Two reputable men go into battle

Posted by Simon Curtis

A man and his reputation are long-forged and not easily separated.

When then-Arsenal manager George Graham told the press, "It's fine that people hate us. It's part of our history," he was referring in part to the fact that Arsenal were derided far and wide for their penchant for the ugly 1-0 win under his guidance. It was not for nothing that the Highbury faithful began to sing the infamous ditto in honour of that most Arsenal-esque of scorelines.

Under the thin-lipped Scot, a man who liked a well-starched blazer and a tightly knotted tie, success came with heavy weights attached to it. Arsenal were tough, a little too tough, and robust, a little too robust. They tackled like tanks and ran around like a plague of locusts bothering the opposition into mistakes. It was all highly effective and predictably unattractive, but at least you did not need a degree in applied mathematics to fathom out the winning scoreline.

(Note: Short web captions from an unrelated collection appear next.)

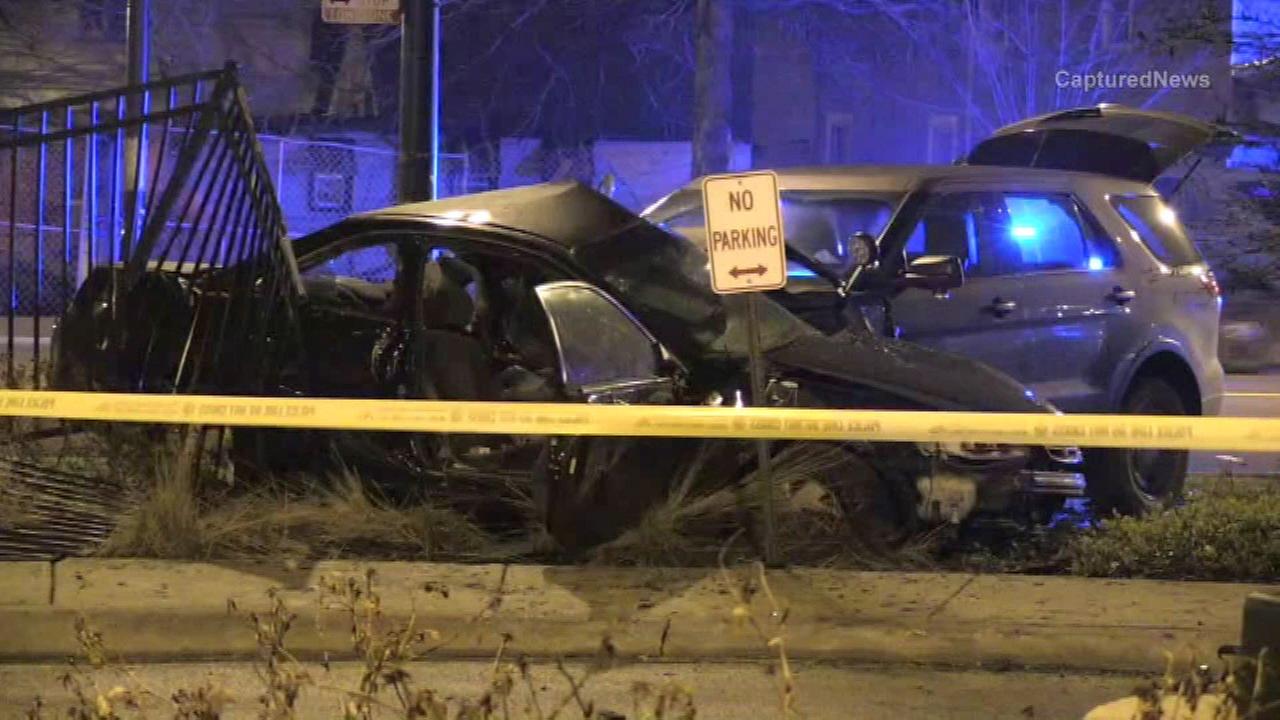 Man killed in crash with Chicago police squad car in Roseland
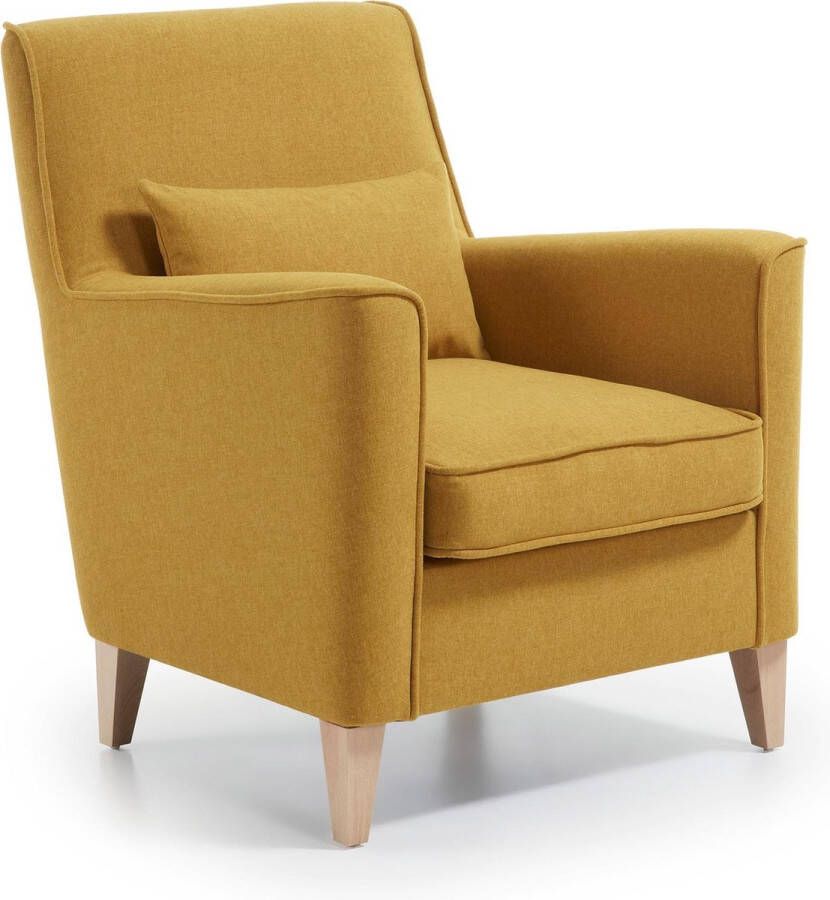 Kave Home Glam fauteuil in mosterdgeel met massief beukenhouten poten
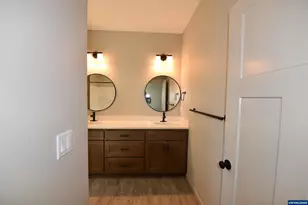 871 Oakleaf Wy, Silverton, OR 97381 - Photo 16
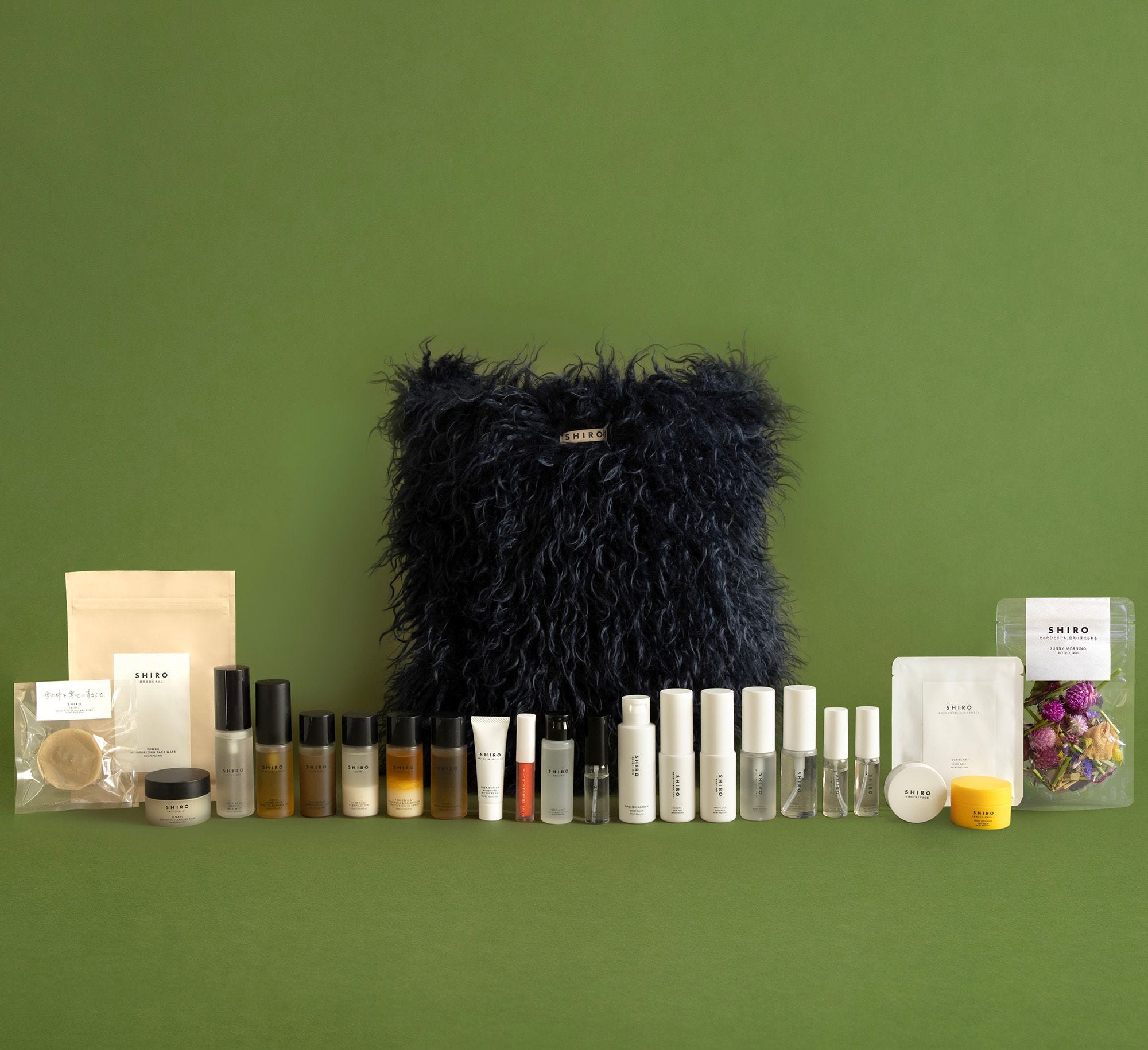 シロ（SHIRO）×クリスマスコフレ2025】発売日＆予約日は？｜今年は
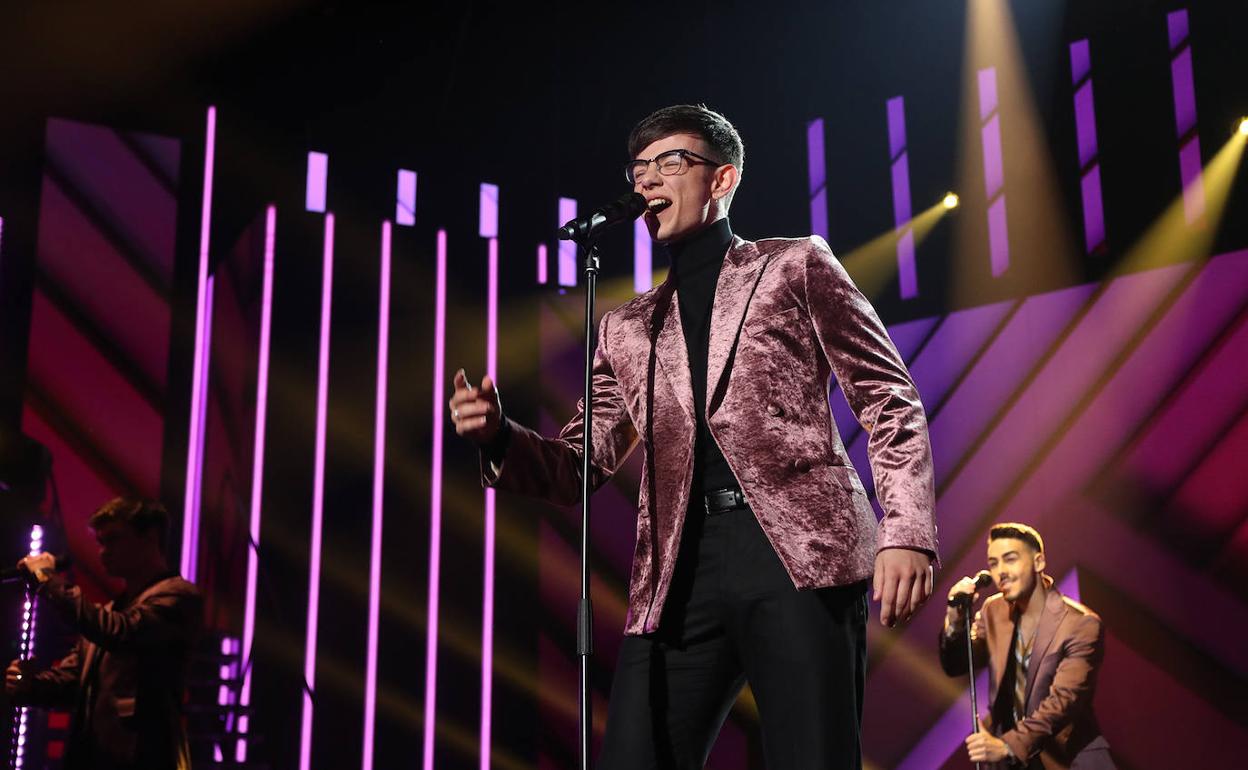 Flavio durante la actuación de 'Man! I Feel Like a Woman!'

- Report: Hamann: Pellegrini blunder scandalous

These days, Arsenal have undergone something of a makeover. During Arsene Wenger's long and perfumed reign, the side has turned its reputation for dour, strenuously gauged low-scoring wins to delightful tippy-tappy football the likes of which London viewers had seldom seen before. That in recent years it has often gone nowhere in particular while weaving intricate patterns across the greensward has often been considered immaterial. If tickling the fancy of the purists is the aim of football, then Wenger had found the richest of gold seams under the busy streets of Ilsington.

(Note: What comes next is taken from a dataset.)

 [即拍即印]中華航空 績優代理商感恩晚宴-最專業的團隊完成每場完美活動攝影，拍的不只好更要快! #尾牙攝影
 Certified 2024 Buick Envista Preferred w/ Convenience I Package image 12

Wenger is alone responsible for this. He it was who skipped down the gangplank off the packboat from afar with odd ideas regarding diet and posture. He it was who persuaded Tony Adams & Co. off the lager-and-pie regime and into aerobics and ballet. He it was who enticed the likes of Dennis Bergkamp, Thierry Henry and Igor Stepanovs to strut their funky stuff in front of the giant mural that had replaced the North Bank without any noticeable difference to the atmosphere.

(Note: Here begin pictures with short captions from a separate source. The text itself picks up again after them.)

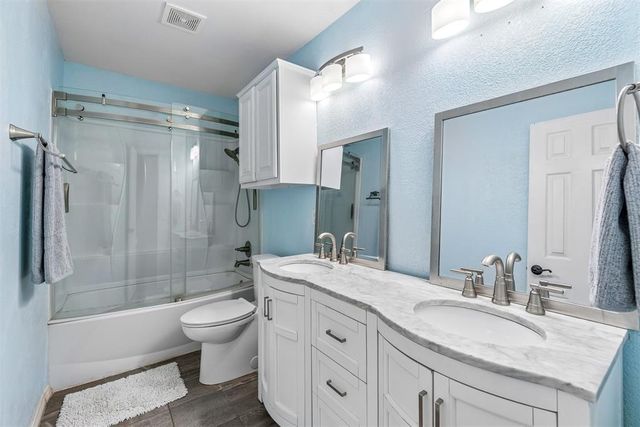 18113 Laurel Oak Drive, Edmond, OK 73012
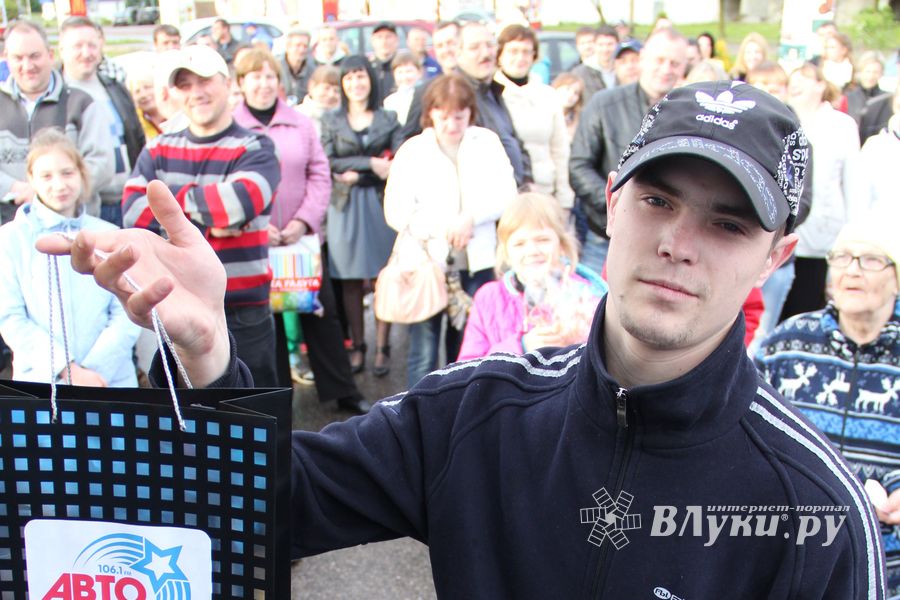 В Великих Луках прошла «Весенняя автоярмарка Великие Луки — 2015» (фото)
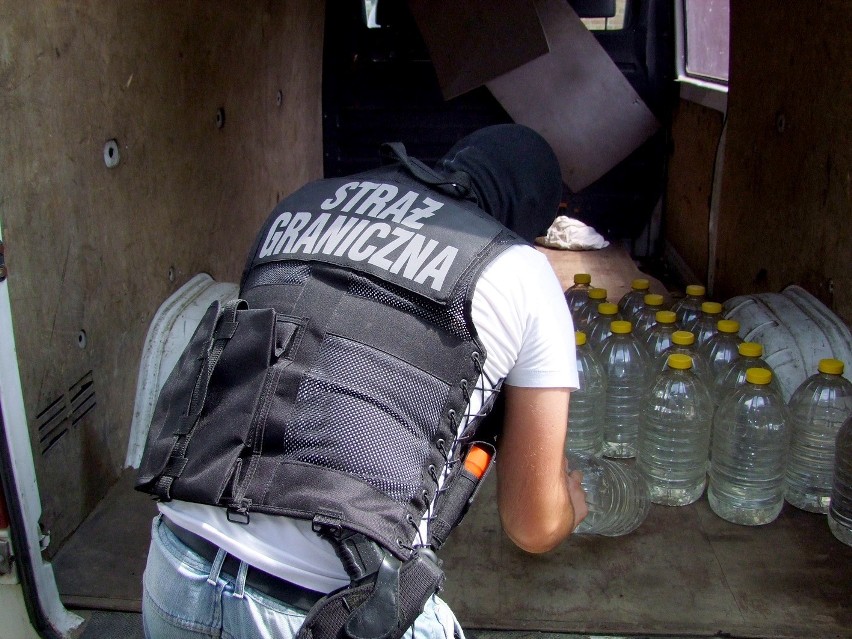 Straż Graniczna zlikwidowała nielegalną fabrykę alkoholu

Arsenal have managed to change again, more subtly this time, into a tippy-tappy team with an end product and becoming well ensconced as the darlings of the press. Witness this week's Champions League games, where, having lost somewhat limply to a game but limited Napoli, thus forfeiting any chance of an easier task in the knockout rounds, you could encounter words such as "strong" and "brave" to describe the Gunners' frankly droopy and leg-weary showing.

Across the Alps in Bavaria, meanwhile, Manchester City were doing to Bayern Munich what no team has done since Kickers Offenbach in 1975 (beat them on home turf after trailing 2-0) and all anyone could find to talk about was the manager's hopeless math. For City fans, still emerging from the ragged and sooty edges of cloud nine, it was an edifying and, one must say, sobering sight.

For City, it sometimes seems the giant wealth that backs them has brought with it a veritable army of ne'er-do-wells whose only aim in life is to perch on the overhead cables and wait for the Sky Blues to mess themselves. Anything positive comes as a result of the riches they are backed with; anything negative is a gross squandering of their silver-spoon position in the football order of merit. They are truly damned if they do and damned if they don't. They are the crass Northern upstarts, with no history and no class, the boss-eyed neanderthals with pimples and halitosis.

As we know, things often come full circle in football. Arsenal's modern reputation, as clean as a freshly laundered bed sheet, is in stark contrast to some of the grubbier goings-on under Graham in the '80s and '90s. This was not only a period of scruffy, ill-tempered gains but also of backhanders for the likes of Norwegian defender Pal Lydersen (what was the point of that, you might ask) and ill-defined tactics that left opponents feeling steamrolled and bent out of shape. There was nothing pretty about Andy Linighan, Ian Selley, Perry Groves, Gus Caesar and the cast of a thousand and one pirates and hod carriers who did their duty in that woolly, ill-focused era that came to be known as pre-Wenger.

Today's Arsenal, sleek and wondrous on the eye, will appear in Manchester this weekend with two things on their mind: First, they must face a Manchester City side that is turning itself into the most obvious of the Gunners' rivals for the title. Second, they must await a Champions League draw that offers exactly the same possible opponents as the Blues (if you swap Dortmund with Bayern). While Manuel Pellegrini emerges from a week where every man and his dog has had a quick word to say about his subzero-level math skills, the erudite Frenchman has miraculously escaped criticism for throwing away Arsenal's chance to face Zenit or Olympiakos next instead of the game's proud princes.

We must not wait long to see what this weekend's confrontation does to enhance or diminish the reputations of Monsieur Wenger and Senor Pellegrini.